Since then, US officials have not treated the September 26 cease-fire plan as an urgent priority, allowing Israel space to press what has been a surprisingly successful offensive against Hezbollah.
On Wednesday, Miller, the State Department spokesperson, said the United States sees Israel as “having the right to conduct these limited incursions” to weaken Hezbollah and force it to withdraw behind the Litani River.
He noted that restoring Resolution 1701 also required Israeli forces to withdraw from Lebanon to their side of the border.
US and Israeli officials now see an opportunity to translate Hezbollah’s military setbacks into a reduced role for the group, which is also a powerful political party in Lebanon’s government. Lebanon, which has a sectarian power-sharing system, has been unable to choose a president for nearly two years, in part because of Hezbollah’s obstruction.

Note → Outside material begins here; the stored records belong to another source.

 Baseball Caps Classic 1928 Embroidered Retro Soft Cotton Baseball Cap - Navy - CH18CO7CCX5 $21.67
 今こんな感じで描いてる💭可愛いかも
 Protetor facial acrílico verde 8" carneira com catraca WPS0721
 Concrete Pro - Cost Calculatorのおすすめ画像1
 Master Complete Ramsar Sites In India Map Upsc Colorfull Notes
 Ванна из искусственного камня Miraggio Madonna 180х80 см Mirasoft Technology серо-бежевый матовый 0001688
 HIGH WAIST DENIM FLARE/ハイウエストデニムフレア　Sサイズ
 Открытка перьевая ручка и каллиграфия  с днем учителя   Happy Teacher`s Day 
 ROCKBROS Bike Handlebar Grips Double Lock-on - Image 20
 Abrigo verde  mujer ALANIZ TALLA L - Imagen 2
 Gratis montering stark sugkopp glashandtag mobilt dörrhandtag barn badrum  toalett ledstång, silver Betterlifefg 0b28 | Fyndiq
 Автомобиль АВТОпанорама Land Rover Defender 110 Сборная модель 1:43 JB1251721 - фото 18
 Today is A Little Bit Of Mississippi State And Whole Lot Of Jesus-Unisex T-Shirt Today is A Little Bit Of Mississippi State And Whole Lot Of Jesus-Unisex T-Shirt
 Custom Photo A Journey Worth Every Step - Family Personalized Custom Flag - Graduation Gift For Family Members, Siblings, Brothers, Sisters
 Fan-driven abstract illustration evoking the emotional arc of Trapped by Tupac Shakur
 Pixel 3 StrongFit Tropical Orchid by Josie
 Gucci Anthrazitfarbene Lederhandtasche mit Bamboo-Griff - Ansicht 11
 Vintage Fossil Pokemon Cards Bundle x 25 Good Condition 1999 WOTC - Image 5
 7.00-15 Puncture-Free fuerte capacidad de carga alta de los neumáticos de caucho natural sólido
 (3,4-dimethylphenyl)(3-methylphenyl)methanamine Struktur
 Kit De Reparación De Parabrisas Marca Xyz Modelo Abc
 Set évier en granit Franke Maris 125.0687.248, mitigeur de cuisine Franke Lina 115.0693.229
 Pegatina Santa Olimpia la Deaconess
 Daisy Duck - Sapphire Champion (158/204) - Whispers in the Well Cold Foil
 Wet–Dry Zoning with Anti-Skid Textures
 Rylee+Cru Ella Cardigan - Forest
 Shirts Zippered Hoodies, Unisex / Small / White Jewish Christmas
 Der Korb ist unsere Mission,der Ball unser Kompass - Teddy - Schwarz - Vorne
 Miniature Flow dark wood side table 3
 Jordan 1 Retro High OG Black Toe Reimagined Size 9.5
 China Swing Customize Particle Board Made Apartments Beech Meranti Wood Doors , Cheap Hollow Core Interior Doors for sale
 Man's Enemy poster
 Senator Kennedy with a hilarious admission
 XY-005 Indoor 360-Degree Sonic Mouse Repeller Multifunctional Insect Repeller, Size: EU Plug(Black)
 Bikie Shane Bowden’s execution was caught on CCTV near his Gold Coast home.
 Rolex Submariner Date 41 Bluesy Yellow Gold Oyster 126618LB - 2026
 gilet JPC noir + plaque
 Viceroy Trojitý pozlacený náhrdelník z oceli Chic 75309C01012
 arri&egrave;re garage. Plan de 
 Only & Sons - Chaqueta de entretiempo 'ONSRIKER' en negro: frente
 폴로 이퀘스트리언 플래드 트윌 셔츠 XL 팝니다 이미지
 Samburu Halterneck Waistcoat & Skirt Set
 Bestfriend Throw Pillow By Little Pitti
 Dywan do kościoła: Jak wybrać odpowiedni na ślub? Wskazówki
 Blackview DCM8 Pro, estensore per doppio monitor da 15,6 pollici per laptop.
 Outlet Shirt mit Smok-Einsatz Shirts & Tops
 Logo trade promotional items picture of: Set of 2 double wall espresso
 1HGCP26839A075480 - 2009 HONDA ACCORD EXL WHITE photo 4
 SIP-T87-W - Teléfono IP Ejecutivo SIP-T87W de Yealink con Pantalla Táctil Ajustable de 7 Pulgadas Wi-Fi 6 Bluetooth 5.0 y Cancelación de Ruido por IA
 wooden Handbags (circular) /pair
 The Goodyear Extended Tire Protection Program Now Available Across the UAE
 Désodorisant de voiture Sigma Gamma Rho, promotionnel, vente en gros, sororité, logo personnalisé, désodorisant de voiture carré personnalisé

On Wednesday, Miller said that Washington hoped the crisis could allow Lebanon to “break the stranglehold that Hezbollah has had on the country and remove Hezbollah’s veto over a president.”
Blinken went further Friday, saying that Lebanon’s political future was “for the Lebanese to decide and no one else.”
But he noted the importance of “the state asserting itself and taking responsibility for the country and its future” and that “having a head of state would be very important” for Lebanon.
Over the past several days, Blinken has called the leaders of Egypt, Qatar and Saudi Arabia to discuss how to move that process forward, according to a senior administration official.
“The biggest part of U.S. diplomacy right now is getting a president elected in Lebanon that is competent and internationally respected,” said Edward M. Gabriel, the president of the American Task Force on Lebanon.
In the meantime, Israel fights on, determined to use force where its leaders feel that world diplomacy has failed them.
“We have no territorial aims or ambitions in Lebanon,” Mencer, the Israeli spokesperson, said Tuesday. “In the absence of any diplomatic resolution to stop that rocket fire, we will do the job of pushing Hezbollah back behind the Litani River for the simple objective of getting our people back home.”